Activity: List all lines of the data that include the string "Jeep".

++++++++++++++++++++

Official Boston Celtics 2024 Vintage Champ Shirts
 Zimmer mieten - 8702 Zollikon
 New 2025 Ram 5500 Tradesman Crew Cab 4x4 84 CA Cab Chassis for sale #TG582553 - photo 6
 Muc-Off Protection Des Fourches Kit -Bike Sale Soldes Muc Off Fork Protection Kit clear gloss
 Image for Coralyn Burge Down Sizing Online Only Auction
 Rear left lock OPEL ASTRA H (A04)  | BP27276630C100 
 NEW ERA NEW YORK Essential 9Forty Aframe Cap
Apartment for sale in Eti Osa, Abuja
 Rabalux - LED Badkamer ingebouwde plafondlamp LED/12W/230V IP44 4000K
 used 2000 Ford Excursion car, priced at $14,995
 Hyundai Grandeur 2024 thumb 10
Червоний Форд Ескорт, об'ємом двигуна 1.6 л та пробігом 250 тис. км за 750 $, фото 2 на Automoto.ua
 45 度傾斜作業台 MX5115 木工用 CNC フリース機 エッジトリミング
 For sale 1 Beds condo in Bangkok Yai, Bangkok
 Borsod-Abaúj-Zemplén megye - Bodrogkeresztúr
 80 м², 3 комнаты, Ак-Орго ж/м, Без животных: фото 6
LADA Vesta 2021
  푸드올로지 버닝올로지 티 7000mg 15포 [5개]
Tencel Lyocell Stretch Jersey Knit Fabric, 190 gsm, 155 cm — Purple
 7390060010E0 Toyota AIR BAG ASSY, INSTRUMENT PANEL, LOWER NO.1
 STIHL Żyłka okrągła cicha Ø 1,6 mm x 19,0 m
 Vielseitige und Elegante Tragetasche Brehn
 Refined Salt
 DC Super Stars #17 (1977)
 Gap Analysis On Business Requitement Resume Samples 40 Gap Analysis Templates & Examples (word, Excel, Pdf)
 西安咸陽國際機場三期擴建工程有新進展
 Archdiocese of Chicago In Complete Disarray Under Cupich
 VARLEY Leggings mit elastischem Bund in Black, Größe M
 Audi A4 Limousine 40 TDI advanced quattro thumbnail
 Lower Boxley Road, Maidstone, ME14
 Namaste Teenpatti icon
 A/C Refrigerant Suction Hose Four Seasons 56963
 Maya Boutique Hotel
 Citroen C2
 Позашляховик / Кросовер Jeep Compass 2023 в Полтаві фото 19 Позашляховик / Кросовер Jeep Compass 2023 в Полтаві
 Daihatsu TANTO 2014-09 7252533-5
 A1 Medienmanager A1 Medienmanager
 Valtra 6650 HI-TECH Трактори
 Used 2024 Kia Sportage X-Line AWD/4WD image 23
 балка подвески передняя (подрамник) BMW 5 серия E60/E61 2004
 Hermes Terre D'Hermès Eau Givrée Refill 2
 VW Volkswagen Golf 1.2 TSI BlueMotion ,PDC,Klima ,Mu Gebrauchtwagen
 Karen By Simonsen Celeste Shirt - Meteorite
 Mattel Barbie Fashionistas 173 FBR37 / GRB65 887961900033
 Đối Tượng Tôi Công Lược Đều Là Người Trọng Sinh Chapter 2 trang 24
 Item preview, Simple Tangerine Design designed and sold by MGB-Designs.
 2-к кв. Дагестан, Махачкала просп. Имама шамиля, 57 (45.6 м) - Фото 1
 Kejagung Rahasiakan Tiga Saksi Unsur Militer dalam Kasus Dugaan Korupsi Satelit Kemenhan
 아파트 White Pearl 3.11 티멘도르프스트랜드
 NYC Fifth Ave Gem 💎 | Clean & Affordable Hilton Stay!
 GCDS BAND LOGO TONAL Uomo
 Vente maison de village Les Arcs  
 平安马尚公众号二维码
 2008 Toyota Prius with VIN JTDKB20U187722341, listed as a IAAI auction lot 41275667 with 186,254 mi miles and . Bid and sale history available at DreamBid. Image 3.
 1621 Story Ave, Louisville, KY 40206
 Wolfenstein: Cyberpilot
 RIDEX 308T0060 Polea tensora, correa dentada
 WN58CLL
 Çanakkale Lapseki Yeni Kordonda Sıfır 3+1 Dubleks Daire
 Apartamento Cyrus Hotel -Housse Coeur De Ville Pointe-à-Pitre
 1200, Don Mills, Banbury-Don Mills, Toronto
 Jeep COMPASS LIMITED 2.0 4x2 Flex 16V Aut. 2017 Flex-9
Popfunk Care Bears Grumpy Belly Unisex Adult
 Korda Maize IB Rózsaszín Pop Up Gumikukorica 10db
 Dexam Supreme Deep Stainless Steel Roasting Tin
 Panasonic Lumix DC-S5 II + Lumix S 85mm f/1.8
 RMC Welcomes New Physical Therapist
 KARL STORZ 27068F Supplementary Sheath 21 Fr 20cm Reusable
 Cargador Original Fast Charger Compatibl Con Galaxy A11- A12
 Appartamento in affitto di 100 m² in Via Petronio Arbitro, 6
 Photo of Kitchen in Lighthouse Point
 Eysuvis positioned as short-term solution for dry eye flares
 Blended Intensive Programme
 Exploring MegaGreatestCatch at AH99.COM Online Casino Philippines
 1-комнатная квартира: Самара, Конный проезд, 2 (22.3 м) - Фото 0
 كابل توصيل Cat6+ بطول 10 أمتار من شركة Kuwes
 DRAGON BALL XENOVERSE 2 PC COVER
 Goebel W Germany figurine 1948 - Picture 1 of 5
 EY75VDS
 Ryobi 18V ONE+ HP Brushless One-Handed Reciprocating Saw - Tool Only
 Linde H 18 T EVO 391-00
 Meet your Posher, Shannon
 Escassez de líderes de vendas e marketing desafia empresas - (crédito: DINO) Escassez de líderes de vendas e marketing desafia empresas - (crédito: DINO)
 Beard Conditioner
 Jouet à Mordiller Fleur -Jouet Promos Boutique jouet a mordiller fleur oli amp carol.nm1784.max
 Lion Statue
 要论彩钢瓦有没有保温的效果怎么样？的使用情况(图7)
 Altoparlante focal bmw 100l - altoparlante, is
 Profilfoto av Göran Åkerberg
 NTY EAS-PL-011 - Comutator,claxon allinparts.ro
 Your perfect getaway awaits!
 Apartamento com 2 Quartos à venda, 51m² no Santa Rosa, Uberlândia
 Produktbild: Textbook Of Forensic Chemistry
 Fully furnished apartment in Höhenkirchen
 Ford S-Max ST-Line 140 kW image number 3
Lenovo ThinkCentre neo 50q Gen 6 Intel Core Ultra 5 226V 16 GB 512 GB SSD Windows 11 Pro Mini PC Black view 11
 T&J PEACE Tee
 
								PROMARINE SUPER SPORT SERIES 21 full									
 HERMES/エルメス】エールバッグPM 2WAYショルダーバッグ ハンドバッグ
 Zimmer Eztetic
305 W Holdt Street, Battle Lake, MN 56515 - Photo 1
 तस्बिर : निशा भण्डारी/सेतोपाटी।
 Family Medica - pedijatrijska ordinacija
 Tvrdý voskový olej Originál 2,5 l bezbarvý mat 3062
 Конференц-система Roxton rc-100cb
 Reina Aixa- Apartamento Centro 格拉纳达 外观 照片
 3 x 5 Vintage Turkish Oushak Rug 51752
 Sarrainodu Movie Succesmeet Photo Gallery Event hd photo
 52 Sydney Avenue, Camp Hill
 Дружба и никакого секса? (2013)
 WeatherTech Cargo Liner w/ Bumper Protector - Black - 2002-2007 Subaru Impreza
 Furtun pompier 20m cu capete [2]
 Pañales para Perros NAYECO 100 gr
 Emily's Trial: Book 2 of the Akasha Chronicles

++++++++++++++++++++

Worked solution:
 Позашляховик / Кросовер Jeep Compass 2023 в Полтаві фото 19 Позашляховик / Кросовер Jeep Compass 2023 в Полтаві
 Jeep COMPASS LIMITED 2.0 4x2 Flex 16V Aut. 2017 Flex-9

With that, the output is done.